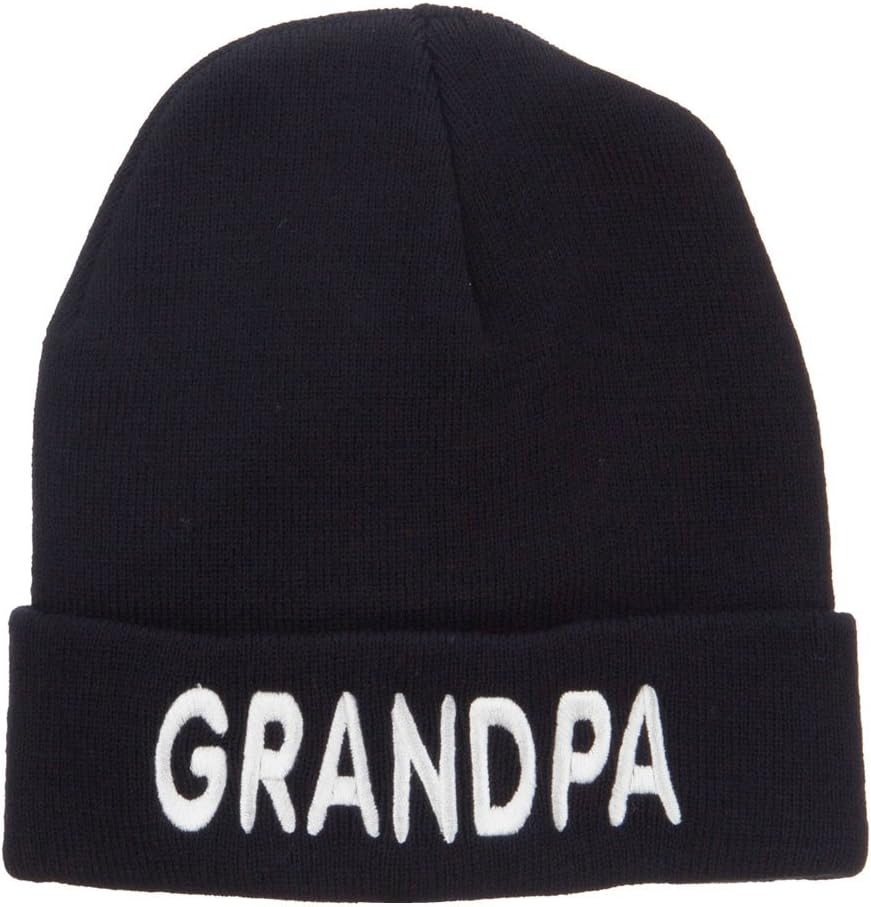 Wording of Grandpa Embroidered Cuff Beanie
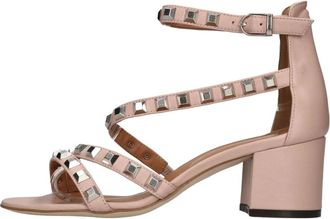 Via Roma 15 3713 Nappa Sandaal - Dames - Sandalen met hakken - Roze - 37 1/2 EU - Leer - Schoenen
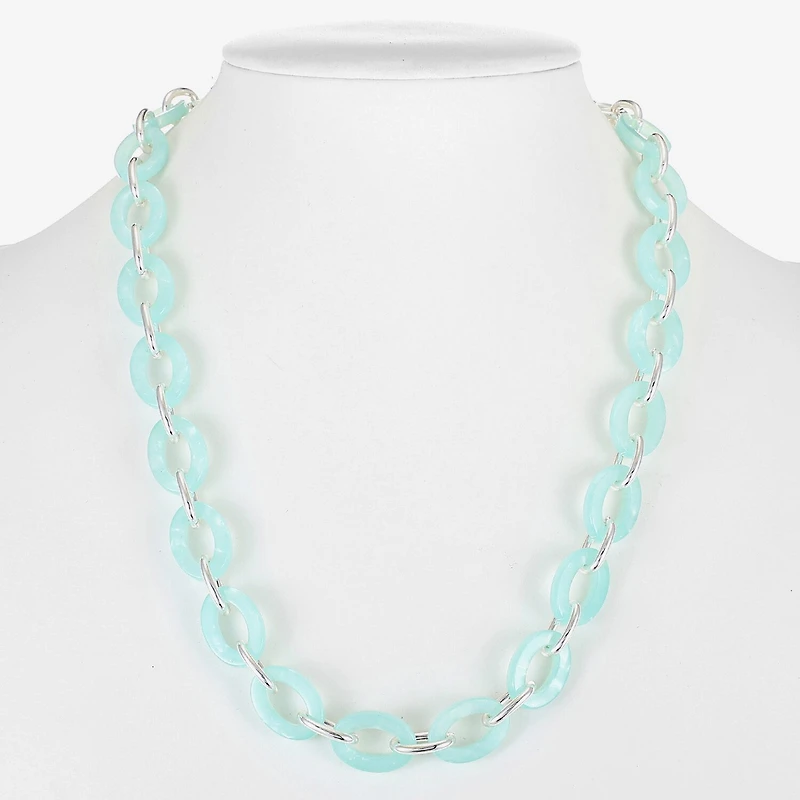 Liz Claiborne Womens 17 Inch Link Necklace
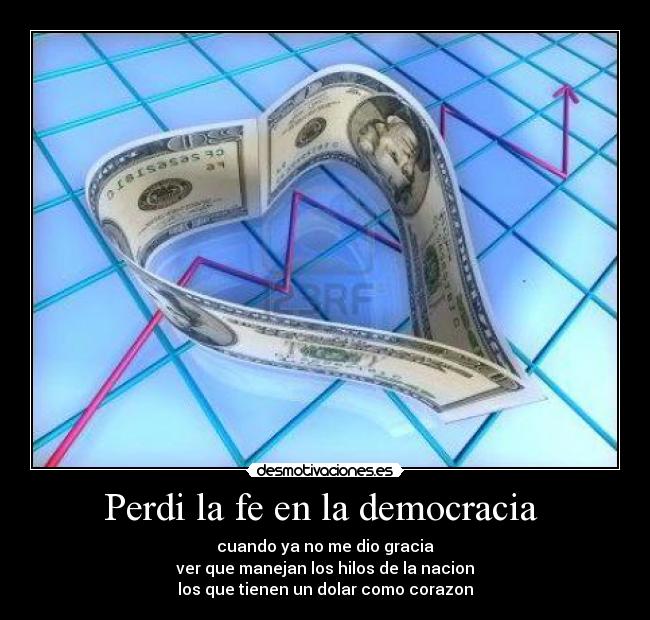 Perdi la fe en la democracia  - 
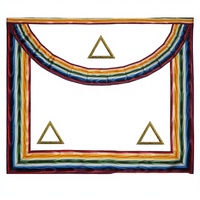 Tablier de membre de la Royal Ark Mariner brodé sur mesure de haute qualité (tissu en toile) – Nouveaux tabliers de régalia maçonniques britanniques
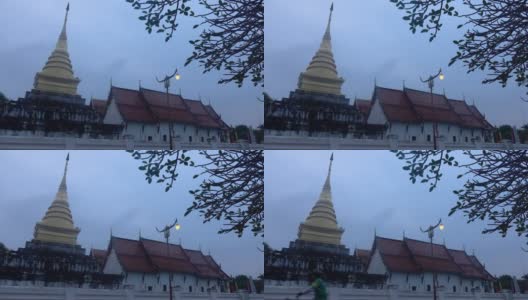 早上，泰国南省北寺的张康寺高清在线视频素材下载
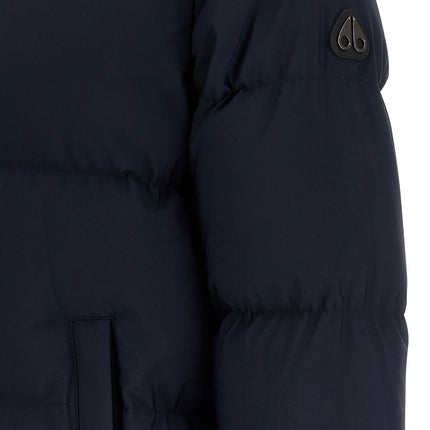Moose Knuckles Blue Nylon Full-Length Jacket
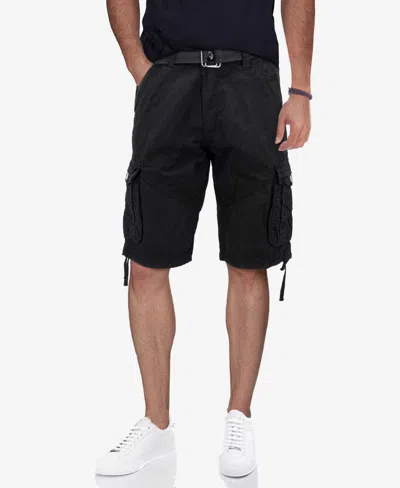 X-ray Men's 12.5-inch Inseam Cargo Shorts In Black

━━━━━━━━

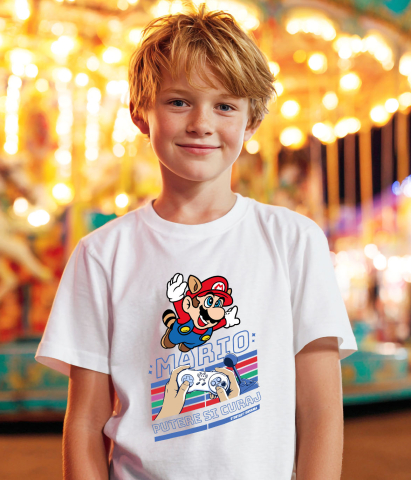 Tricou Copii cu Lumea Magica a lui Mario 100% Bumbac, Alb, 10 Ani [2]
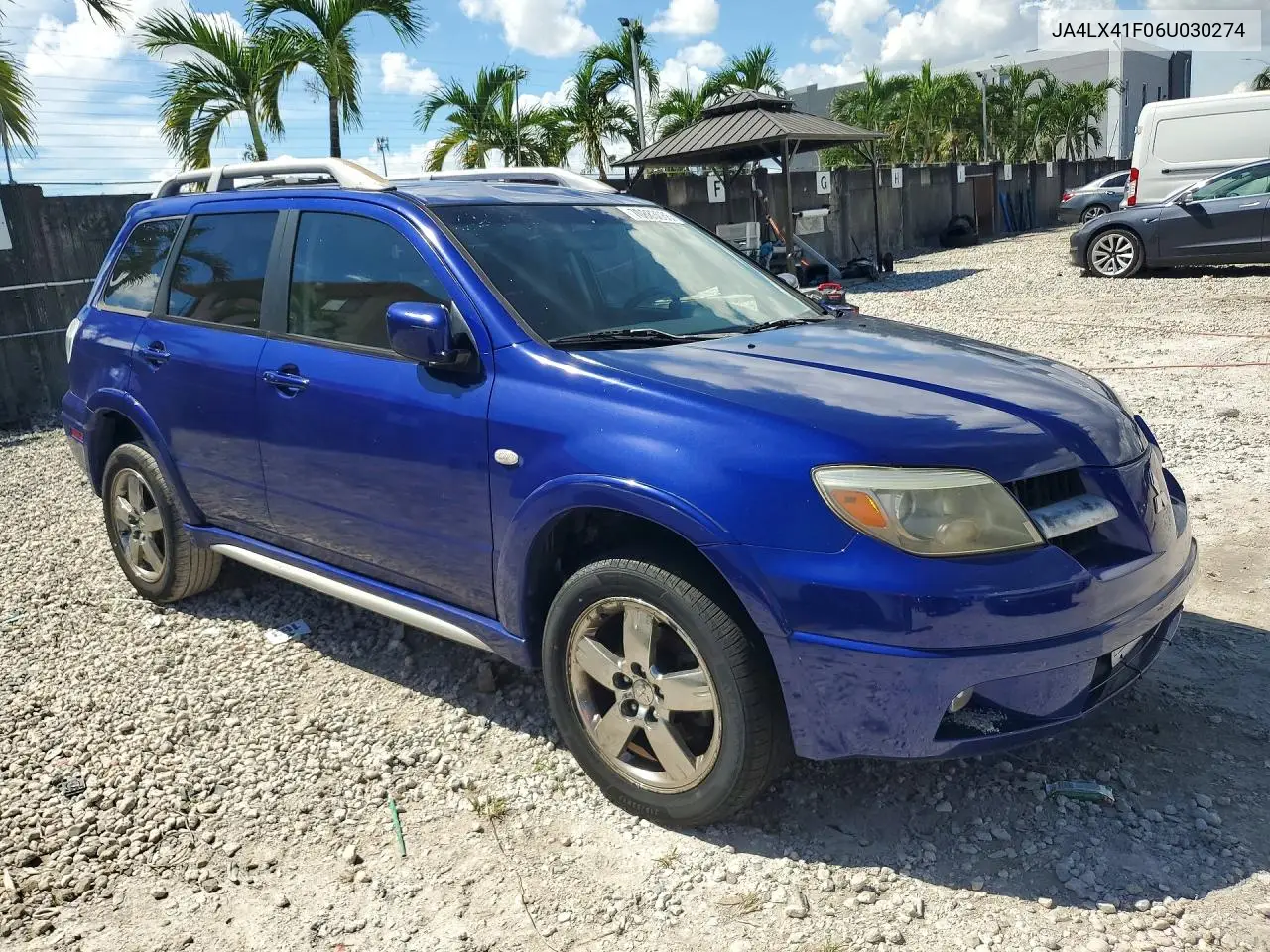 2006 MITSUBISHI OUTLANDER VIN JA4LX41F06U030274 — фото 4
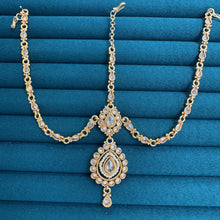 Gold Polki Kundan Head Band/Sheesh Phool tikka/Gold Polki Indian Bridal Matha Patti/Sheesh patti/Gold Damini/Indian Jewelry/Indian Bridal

━━━━━━━━

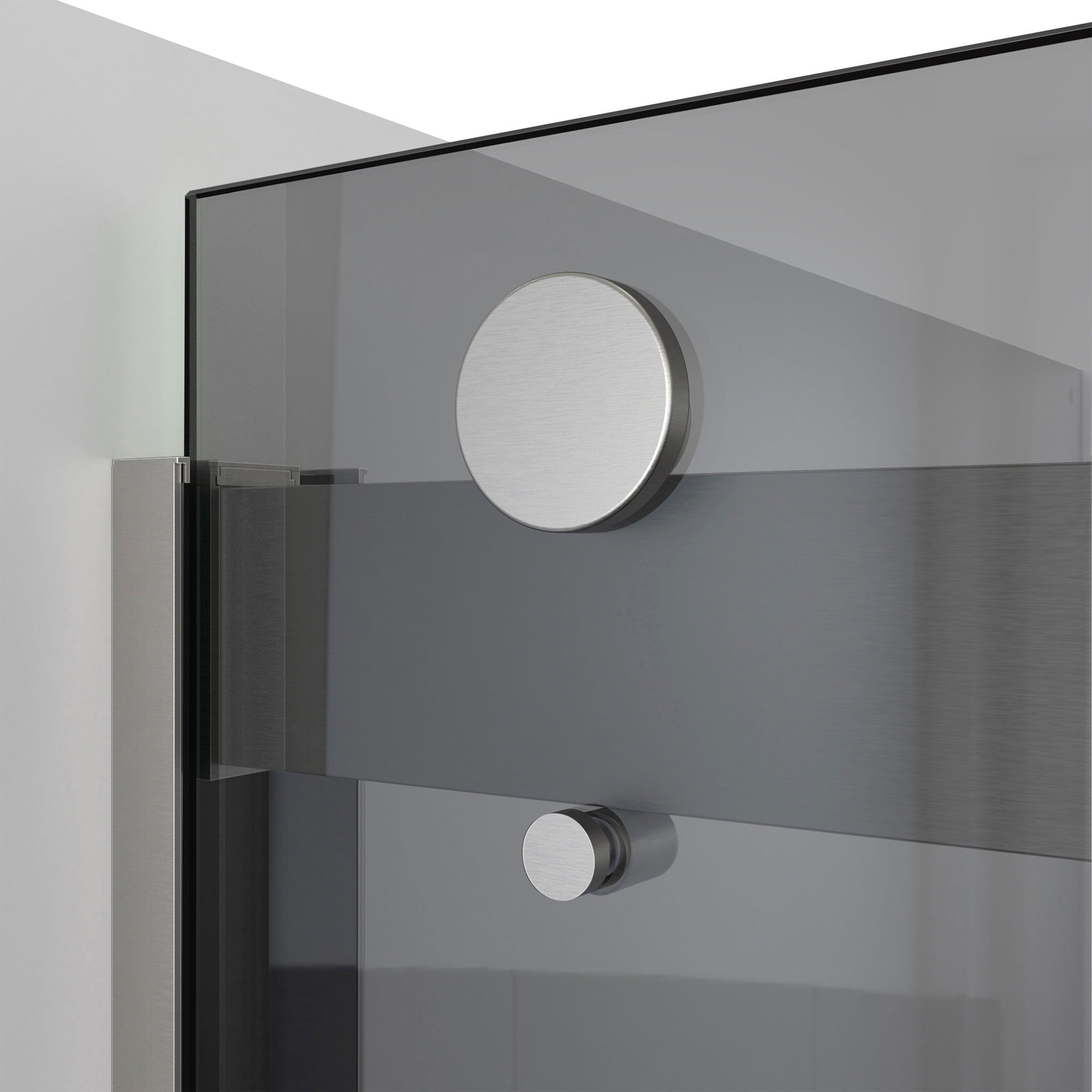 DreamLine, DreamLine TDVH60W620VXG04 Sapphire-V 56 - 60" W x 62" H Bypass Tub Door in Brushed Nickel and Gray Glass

━━━━━━━━

_WHAT IS NEEDED_:
Once the line with "Wording of Grandpa Embroidered Cuff Beanie" has been found above, output that line and every later line exactly, stopping after the line with "X-ray Men's 12.5-inch", and omit the pictures.

_OUTPUT_:
 Wording of Grandpa Embroidered Cuff Beanie
 Via Roma 15 3713 Nappa Sandaal - Dames - Sandalen met hakken - Roze - 37 1/2 EU - Leer - Schoenen
 Liz Claiborne Womens 17 Inch Link Necklace
 Perdi la fe en la democracia  - 
 Tablier de membre de la Royal Ark Mariner brodé sur mesure de haute qualité (tissu en toile) – Nouveaux tabliers de régalia maçonniques britanniques
 早上，泰国南省北寺的张康寺高清在线视频素材下载
Moose Knuckles Blue Nylon Full-Length Jacket
 X-ray Men's 12.5-inch Inseam Cargo Shorts In Black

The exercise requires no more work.